**PROBLEM DESCRIPTION:** Leave the pictures out. Retype exactly the lines below from the one containing "used 2021 Jeep" through the one containing "Gaziantep&rsquo;te Kadınların Kendi", and no others.

**SUPPLIED ENTRIES:**
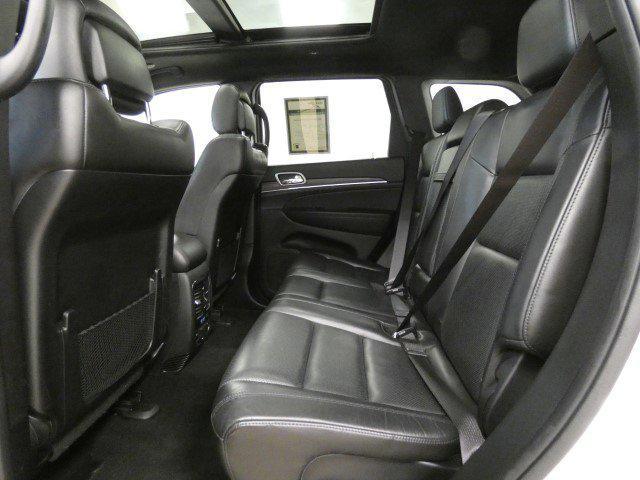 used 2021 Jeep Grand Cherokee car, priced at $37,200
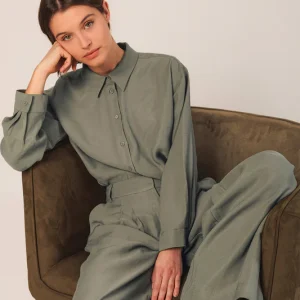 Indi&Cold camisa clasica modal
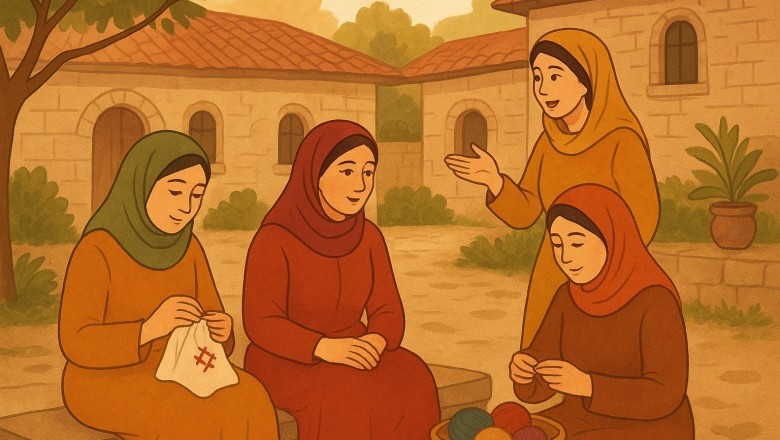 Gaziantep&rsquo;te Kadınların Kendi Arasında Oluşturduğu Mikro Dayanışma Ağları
==
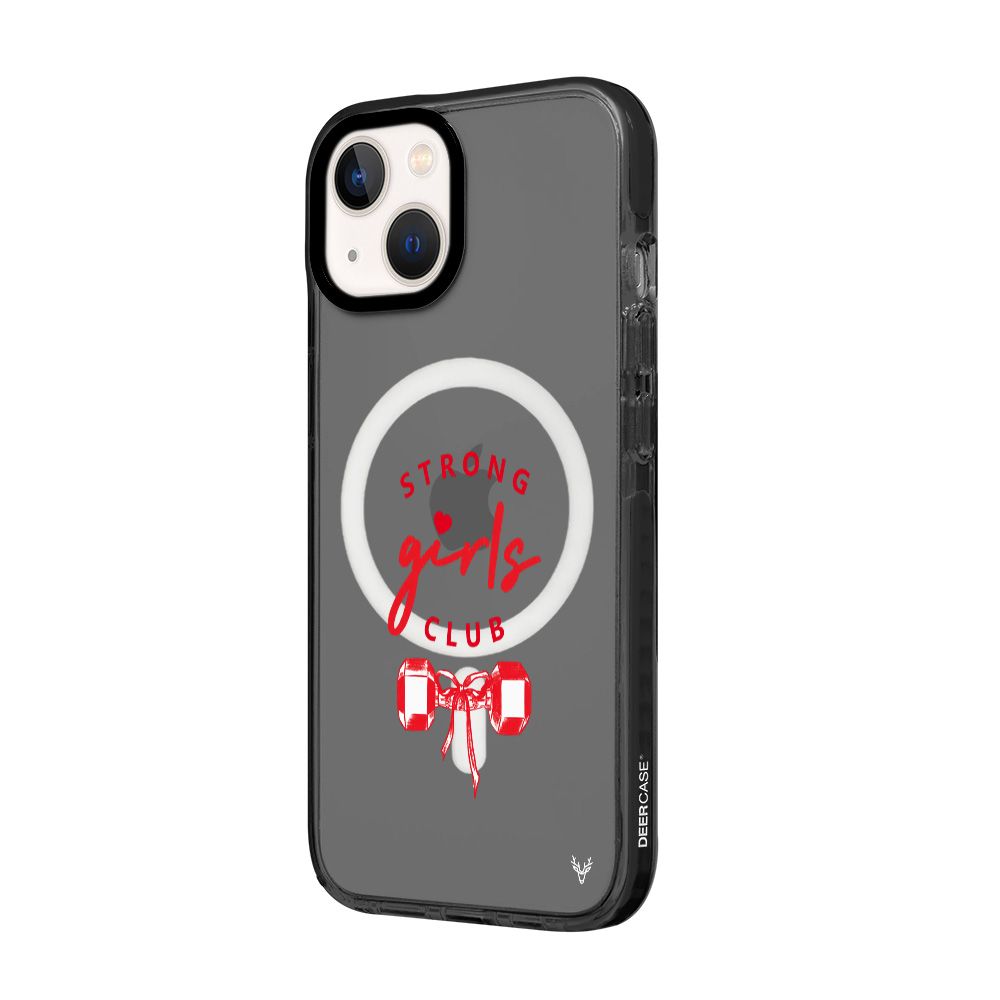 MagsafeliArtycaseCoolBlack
* * *
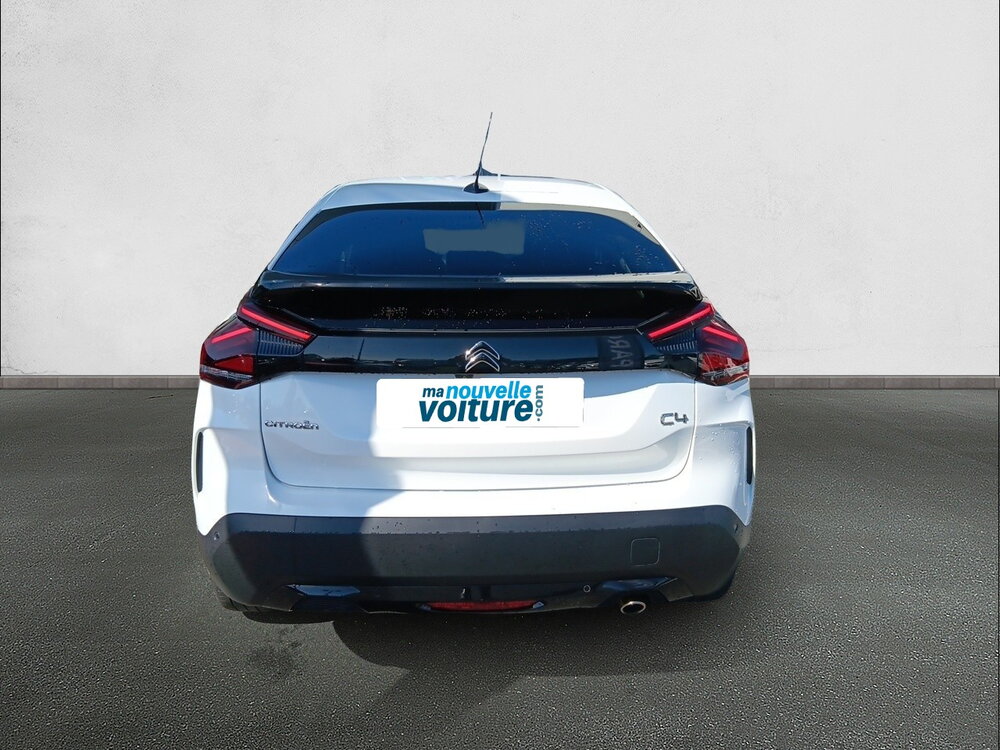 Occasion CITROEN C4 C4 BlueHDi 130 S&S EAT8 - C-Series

**SOLUTION TO THE EXERCISE:**
 used 2021 Jeep Grand Cherokee car, priced at $37,200
 Indi&Cold camisa clasica modal
 Gaziantep&rsquo;te Kadınların Kendi Arasında Oluşturduğu Mikro Dayanışma Ağları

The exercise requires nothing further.